Although history has not been kind to Messrs. Mani, Uccellini and Cerveto and their respective musical contributions, two contemporary organizations, Pro Musica Hebraica and the Apollo Ensemble, have had great success of late in redressing the situation. Working together, they have sought, as Robyn Krauthammer, the chief executive officer of Pro Musica Hebraica, put it so eloquently, to “free this music from time.”

Last Monday night, May 13th, the Apollo Ensemble performed at the Kennedy Center, bringing this member of the audience to tears more than once. The group’s bravura musicianship had something to do with my heightened emotional state, as did the beauty of the music. Digital projections of the musical compositions, some bearing the cameo-like stamp of the Etz-Hayim Library, also tugged at my heart-strings, while the incisive program notes composed by Professor James Loeffler of the University of Virginia made me want to learn more.

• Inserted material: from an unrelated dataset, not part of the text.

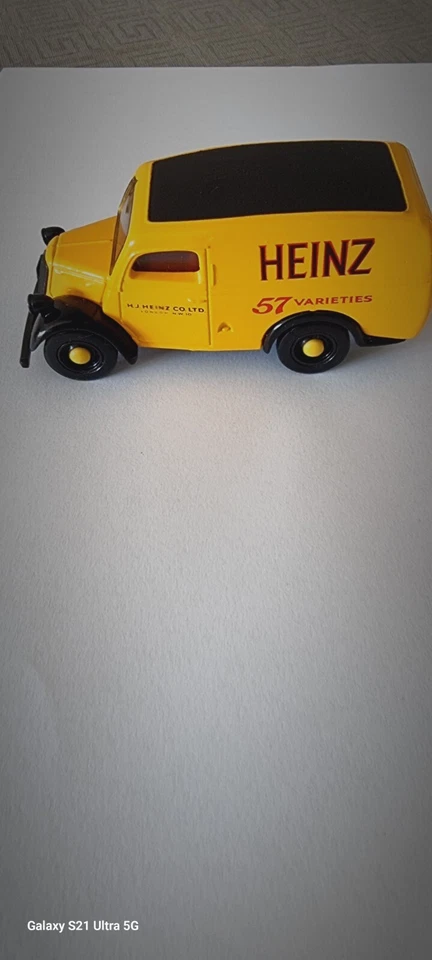Modellino FORD E83W 10 CWT VAN " HEINZ " 1950 - DINKY MATCHBOX - 1/43 - Immagine 2 di 4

But what really struck me -- and hard -- was the sense that this particular concert was itself a composition of layers, whose structure was built on the multiple strands that make up the Jewish experience: Creative energy, loss, rediscovery, preservation, translation, reinterpretation and the prospect of renewal.

1 thought on “Hitting the high notes

  1. Roz Shorenstein

    I am so pleased to hear about these Jewish Baroque musicians. We chose Uccellini's Aria sopra Bergamasca for my daughter's wedding processional in late June, not knowing he was Jewish. Our families will be happy to find this out!